Police found Scurlock's body in a field in Lumberton, North Carolina, shortly after midnight Wednesday, the Advocate reports. She had suffered fatal gunshot wounds.
The circumstances leading to Scurlock's murder are fuzzy. Scurlock's mother Brenda told WRAL that there had been a Facebook page featuring images and videos of Scurlock in women's clothes, and that Scurlock had left Tuesday night to meet with a person who had taken down that Facebook page. It's unclear who this person is, what the nature of the Facebook page was, why it was taken down, and why Scurlock was meeting with them. Nevertheless, Brenda told WRAL that she saw it as a "red flag" that this person took down the Facebook page.
As of this writing, nine black transgender women have been murdered in the United States since the beginning of 2019, according to the Advocate. The nine are Dana Martin, Jazzaline Ware, Ashanti Carmon, Claire Legato, Muhlaysia Booker, Tamika Washington, Cynal Lindsey, Paris Cameron, and Scurlock. The latter five were killed in one 30-day span.
Trans women of all races face disproportionately high levels of violence: According to the Human Rights Campaign, trans women are 4.3 times more likely to be murdered than their cis counterparts. Murders of trans people often don't end in an arrest; since 2014, only 42% of cases involving trans murder victims resulted in an arrest, compared with 61% of cases involving murder across the general public, according to FBI data culled by Vice News.
Black trans women in particular are at an even higher risk. In every year that the Advocate has tracked, the majority of trans murder victims were women of color. This doesn't match up with the general demographics of trans people, as a 2016 study by UCLA's Williams Institute found that the majority of people who identify as trans are white.
“[Black trans women] understand that because of who they are, they might die before their parents," Carmarion Anderson, executive director of Black Transwomen Inc., told Vice News. "That’s the reality of being black and trans in America. The fear is part of the everyday existence for these folks.”

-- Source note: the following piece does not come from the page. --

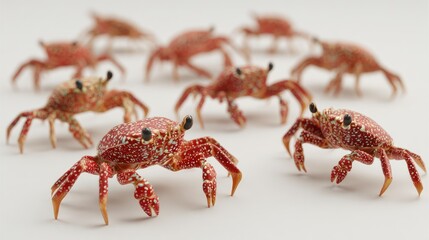 Close up of numerous crabs isolated on a plain white background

Compounding matters is the fact that news agencies often misgender or deadname trans murder victims, as was the case with local reports on Scurlock's murder. This sometimes happens in police reports as well; in addition to being disrespectful, many activists say that this results in an underreporting of trans murder rates.
Robeson County Sheriff Burnis Wilkins said that his office's detectives "are currently working diligently to bring closure to a grieving family,” according to The Robesonian.
"This cowardly act has to be addressed and a person or persons will be held accountable and brought to justice," Wilkins said.